Contudo, como combinado, focarei agora no tema principal, participação e qualidade democrática, visando à participação dos jovens na plenária final.
Na plenária final os jovens estudantes levaram suas propostas para serem apresentadas, discutidas e votadas. As propostas finais serão encaminhadas para a Comissão de Participação Popular da Assembléia Legislativa de Minas para avaliarem o alcance e validade das propostas.
Pois bem, os estudantes levaram as propostas, discutiram sobre elas e por fim fizeram à votação. A priori isso tudo foi uma linda "festa da democracia", termo que muitos gostam de dizer por ai. Eu particularmente não aderi a esse termo ainda e nem pretendo aderir. Uma ação de grande responsabilidade colocada nas mãos desses jovens não é?! Eles foram selecionados para representarem cidadãos de suas cidades e do Estado em geral, propondo leis que atenderiam as carências ambientais de Minas Gerais. Sendo assim, o mínimo que poderíamos exigir deles e da comissão que organizou tal projeto é responsabilidade e calculismo na hora de discutirem e aprovarem as propostas de lei. O fato de eles serem jovens não tira o peso dessa iniciativa de suas costas. Mas, infelizmente não foi isso que aconteceram, por vários motivos.

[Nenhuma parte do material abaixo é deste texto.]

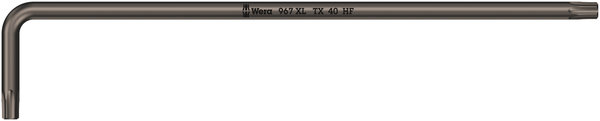 967 XL HF TORX® L-key with holding function, long, TX 40 x 224 mm, Weißes Brett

Um deles, o qual atribuo a organização do projeto, foi do tempo ao qual os jovens ficaram a disponibilidade dessas atividades. Foram cerca de 5 horas de debate e votação, estourando todo o limite dos jovens, os quais já se encontravam desgastados nas 3 primeiras horas. O desgaste levou alguns jovens de desistirem de suas argumentações, a fim de encerrar o mais rápido a plenária. Recomendaria que a plenária fosse realizada em mais de um dia. Esse é o primeiro ponto que analiso, mostrando que, conscientes de que uma boa proposta de lei, que atenda a totalidade do Estado deva ser discutida a fundo, visando sempre alcançar as potencialidades máximas da mesma deixou a desejar nesse quesito.

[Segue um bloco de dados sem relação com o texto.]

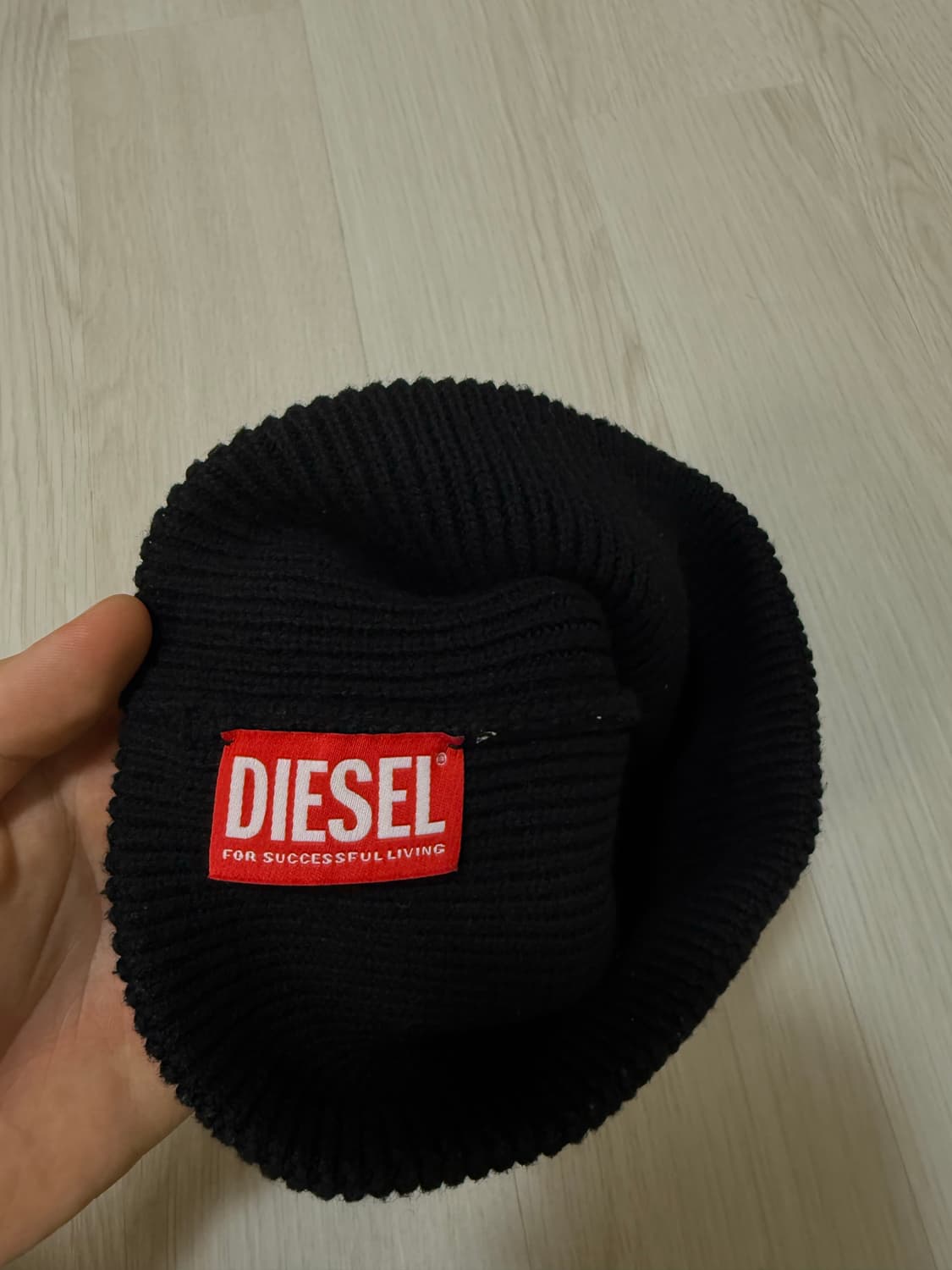 디젤 검정 비니 상품이미지3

Um outro ponto que optei por tratar acerca desse tema é do interesse do jovem e de sua consciência de estar numa plenária representando um Estado, e não pelo simples motivo de fazer desse momento mais um momento de graça de sua vida, de um simples passeio a capital, etc, etc. Infelizmente esse foi um caso que puder notar em algum dois participantes, observando suas atitudes no decorrer da plenária.
Alguns faziam piadas para outros provocando o riso e logo a descontração. Outros eram mais "ousados" chegando a fazer "gracejos" no microfone que era aberto a quem argumentaria acerca de uma proposta.
Não foi minha intenção criticar a postura dos jovens estudantes e muito menos da organização do projeto, pois acredito ser uma iniciativa muito inteligente para aproximar os jovens da política. Posso até colocar todos esses fatos como também sendo de nossa responsabilidade (monitores), pois fomos às pessoas que mais estivemos presentes ao lado desses jovens no andamento do projeto.
Esses são os dois elementos que podem fundamentar minha posição acerca desse tema. Claro que é um pequeno esboço do que pretendi tratar, mas que pode se pensado num espaço macro, confirmar a dicotomia entre participação e qualidade democrática.